As frustrating as it is, remember that in the middle of this is a child. Buy him the clothes and shoes. Let your partner deal with his ex. Your SC will pick up on your resentment about his situation and this is not conducive with your partner and his child’s relationship.

be the bigger person - suck it up. Kids are expensive and you’ve chosen to be with someone who has kids. This sort of thing is par of the course

It is not par for the course for the OP and her DH to have to constantly buy more uniform because bone comes back, it is bad organisation by the parents!

I share custody with ExDH, we have a routine of buying DD stuff that stays at our own respective houses and only one lot of uniform cycles between us (she leaves one house to got to school Monday AM and returns to the other house after school Monday PM for the week) but if she has forgotten anything or there is something bigger (eg a project she has been working on for multiple weeks, she is secondary now) then she informs us and we organise to get the items moved between our houses however is easiest and most convenient. ExDH and I get on well so we are both happy to do the odd drop off/pick up of stuff even if it is not our week.

Fitrix29 · 02/03/2024 15:18

First of all, he’s 8 so there’s no way any of this responsibility should be put on him.

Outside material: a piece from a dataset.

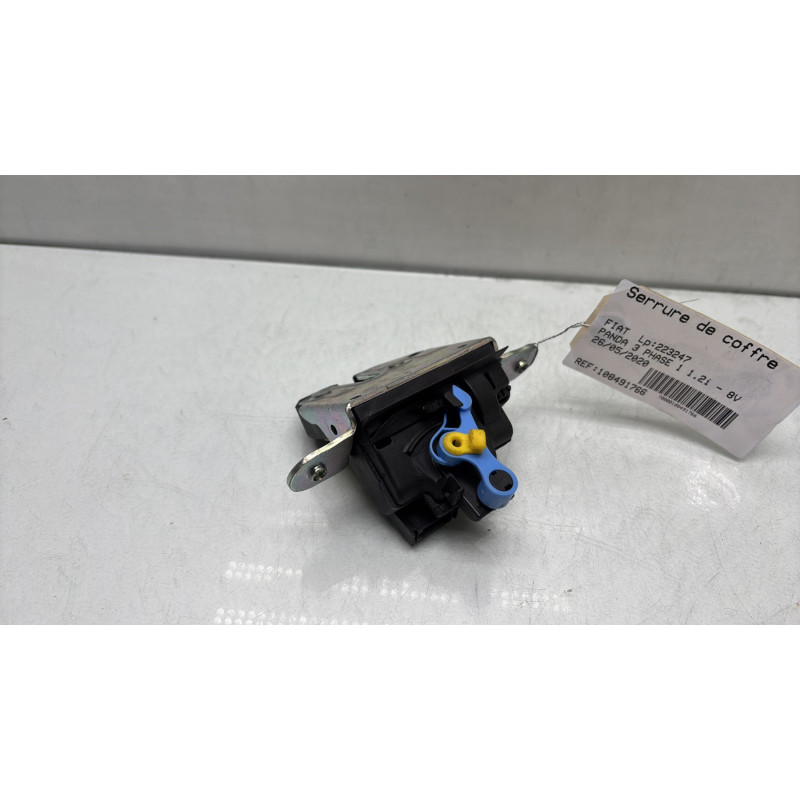 Serrure de coffre FIAT PANDA 3 Photo n°4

It is entirely the parents responsibility to make sure that he has clean clothes available.

You say you have uniform that belongs at your house but if he wears it to school on Monday it never comes back. Make sure you have a few days worth and chase the mum to return any missing ones BEFORE it runs out, don’t just wait till it’s already gone. And please, please, please don’t just send him in in the wrong thing. You say you find it embarrassing when you take him to school, but you’re only there for a few minutes, and it’s not even you that’s wearing the wrong clothes. Imagine how he feels. It’s likely that the other kids will be noticing that he’s often in the wrong clothes and could start being singled out for this. Don’t let you and your partners refusal to deal with this with his mother end up in him being bullied. In amongst it all he is an innocent child and none of this is his fault.